RECORDS PROVIDED Block Start

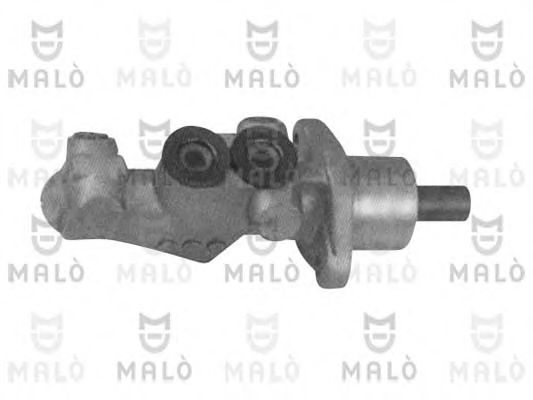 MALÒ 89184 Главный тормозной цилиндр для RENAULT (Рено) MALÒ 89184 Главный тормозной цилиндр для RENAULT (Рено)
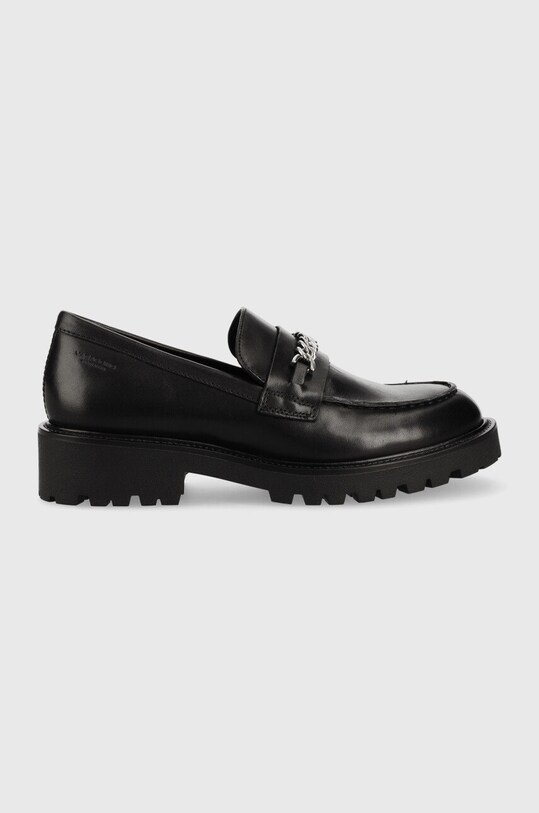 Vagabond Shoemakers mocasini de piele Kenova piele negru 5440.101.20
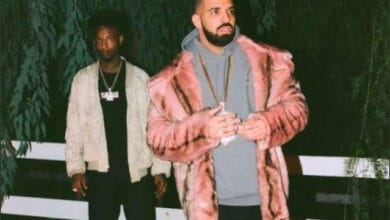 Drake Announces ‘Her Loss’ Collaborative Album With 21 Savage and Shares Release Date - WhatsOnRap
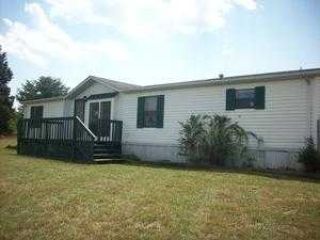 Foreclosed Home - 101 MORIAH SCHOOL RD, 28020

RECORDS PROVIDED Block End
RECORDS PROVIDED Block Start

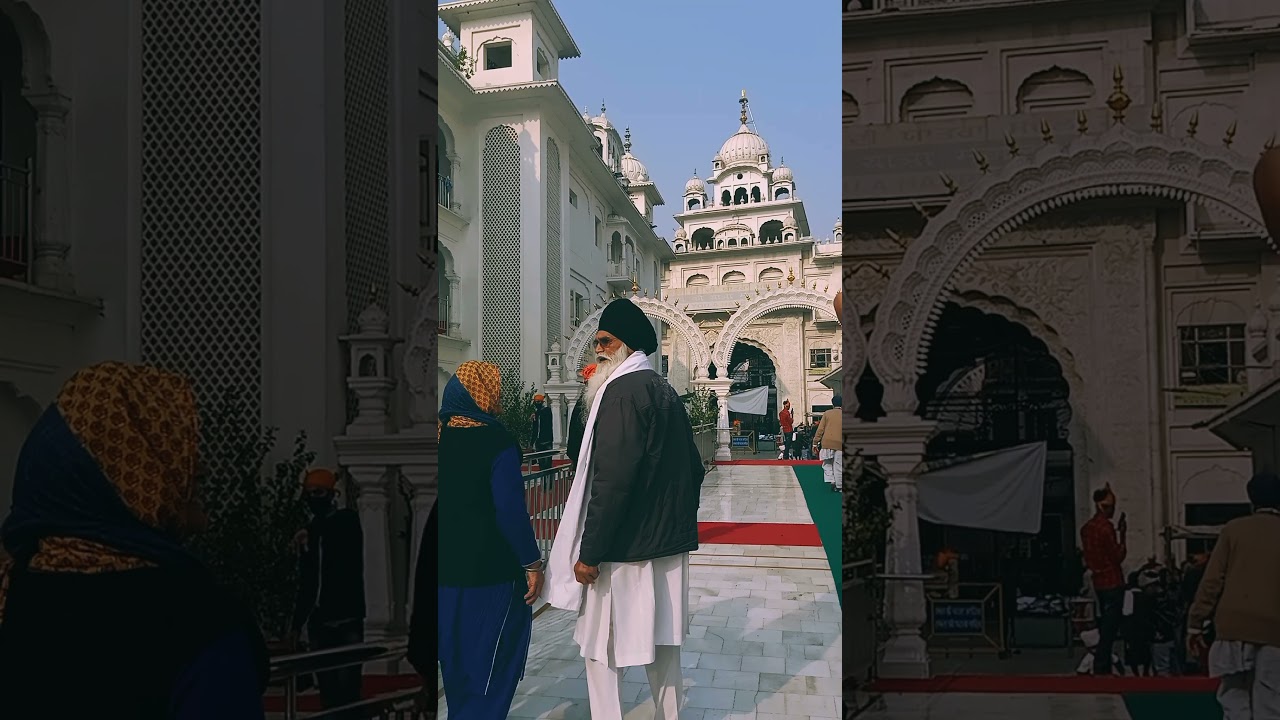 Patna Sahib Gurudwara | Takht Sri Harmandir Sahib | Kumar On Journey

RECORDS PROVIDED Block End
RECORDS PROVIDED Block Start

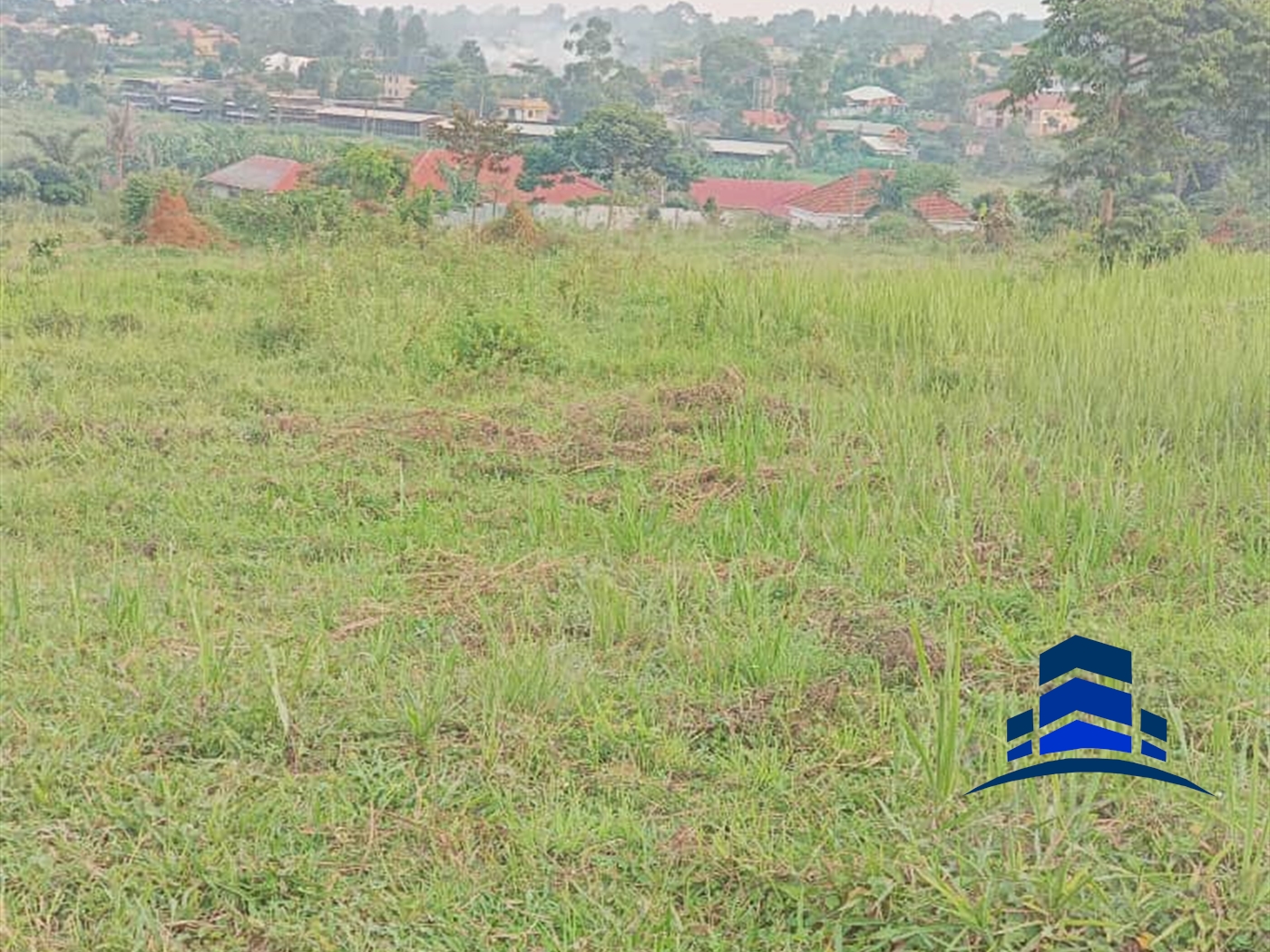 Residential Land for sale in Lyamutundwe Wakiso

RECORDS PROVIDED Block End

Set down again, word for word, every line from the one with "Drake Announces ‘Her" to the one with "Foreclosed Home - 101" in the entries above, and omit the pictures.

EXERCISE ANSWER
 Drake Announces ‘Her Loss’ Collaborative Album With 21 Savage and Shares Release Date - WhatsOnRap
 Foreclosed Home - 101 MORIAH SCHOOL RD, 28020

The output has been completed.